Music Online Records
- Website type: Music
- Creator: Andre Luis de Andrade
- Website: www.musiconline.com.br
- Commercial: No
- Registration: Optional
- Launched: April 18, 1998; 28 years ago
- Current status: Active

= Music Online Records =

One of the oldest and largest music portals in Brazil, online since April 18, 1998

Music Online Records is one of the oldest and largest music portals in Brazil, online since April 18, 1998. The headquarters is in Curitiba, Paraná, Brazil, in the São Francisco neighborhood.

== History ==

The portal started as a hobby of the web developer Andre Luis de Andrade, to help artists publicise their music. It was one of the first such projects around the world to focus on music for free, preceding MySpace.

At its inception, the site was developed in pure HTML, hosted on free servers like GeoCities, Tripod.com and Xoom. Since 2000, when the site bought the domain www.musiconline.com.br and launched the new automated services, it has been available for free to bands, artists and composers using the VIP AREA. The systems were developed using PHP and MySQL.

Between 2000 and 2006, Music Online Records had high classification at the iBest Awards, the biggest award in Brazilian internet. In 2001, 2002 and 2006, the portal was TOP3, in 2002, 2003 and 2004 TOP5 and in 2000 and 2005 TOP10.

In 2006, the project improved the range of its music content, creating more VIP Services and increasing the database with Artists, Lyrics, Chords, Music Radios, Music Videos, Artists Pictures and other content.

Until 2011, the website was independent, with no big partnerships.

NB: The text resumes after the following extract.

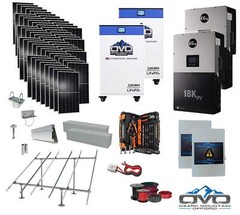 30KW Complete Offgrid Solar Kit + EG4 18kPV + 2x 32KW OMO 48V Freedom Series Lit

However, in 2011 the portal started a partnership with XPG, a free site and blog creation portal. At the same time the portal hit 100,000 users, and changed its URL to www.musiconline.xpg.com.br.

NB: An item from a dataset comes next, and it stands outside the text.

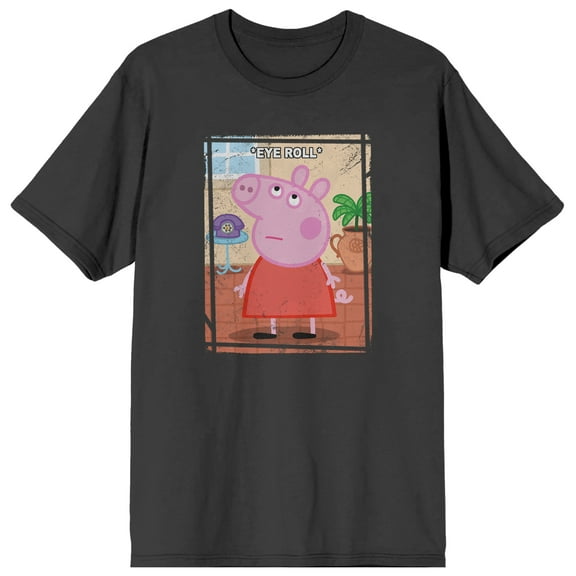 Peppa Pig Eye Roll Adult Charcoal Crew Neck Short Sleeve T-shirt - Medium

The Music Online Records portal now has around 1.5 million unique visitors per month, and has increased its content with partnerships with various other websites, such as Grátis Música, Ouvir Músicas Grátis, and others, some of which provide part of the portal's content, such as an Online Games channel.

As of September 27, 2012, the portal contains 110,000 artists, and has 110,000 registered users.